Mr. M (in a husky voice): Hey baby, you look just like venus de milo--only with arms.
Ms M: Thanks, I appreciate your flattery, but I've actually been trying to lose some weight.
Mr. M: I have just the thing for weight loss. Its called shit. If you eat my shit, I'm sure you will lose weight.
Ms. M: That sounds like a great idea. I read the studies at the Washington University School of Medicine which suggest transplanting feces from skinny people to not so skinny people could result in weight loss. But how do I know you have the right intestinal flora and fauna to facilitate weight loss in me?
Mr. M: I've got great shit baby. And it don't stink. \
Ms. M: We'll I have two questions for you then: 1. What kind of Bacteroides do you have; and 2. Do you like tomatoes?
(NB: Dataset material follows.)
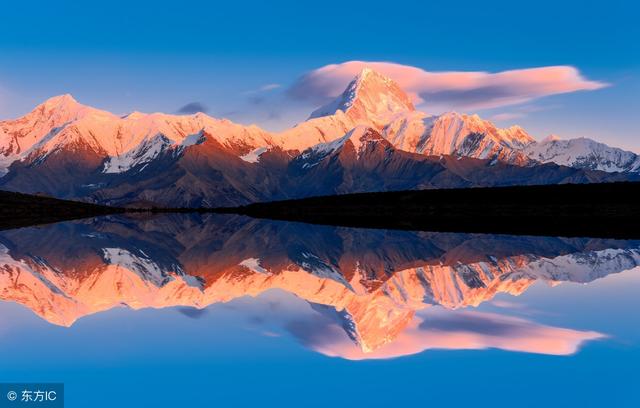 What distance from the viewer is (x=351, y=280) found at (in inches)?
2085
Mr. M: My religious convictions prevent me from getting emotionally involved with any vegetable, including but not limited to tomatoes. However, that leads us to the interesting Existential question, to whit, is a tomato a fruit or a vegetable? An answer to that question would lead me to a precise answer to your query.
Ms.M: Tomatoes are berries.
Mr. M: Then I can relish them with abandon and without restraint--at least until I get a new religion. Which occurs on an hourly basis. On a slow day. Whoops, I fear my religion has changed. I now eschew all objects with pulp in them or are fictional. I am now mandated to follow a strict diet of empiricism and corn which fortunately is now in season. But alas, my new diet may cause my shit to stink.
Ms. M: Here come the warm jets. And me without any clothes on. What am I going to do with you?
Mr. M (with a husky voice): "Are you related to Jean-Claude Van Damme? Because Jean-Claude Van Damme you're sexy!"
Ms. M: Well although various law enforcement agencies may consider you a person of interest, rest assured that I do not.
Mr. M: Well at least I've got that going for me:-).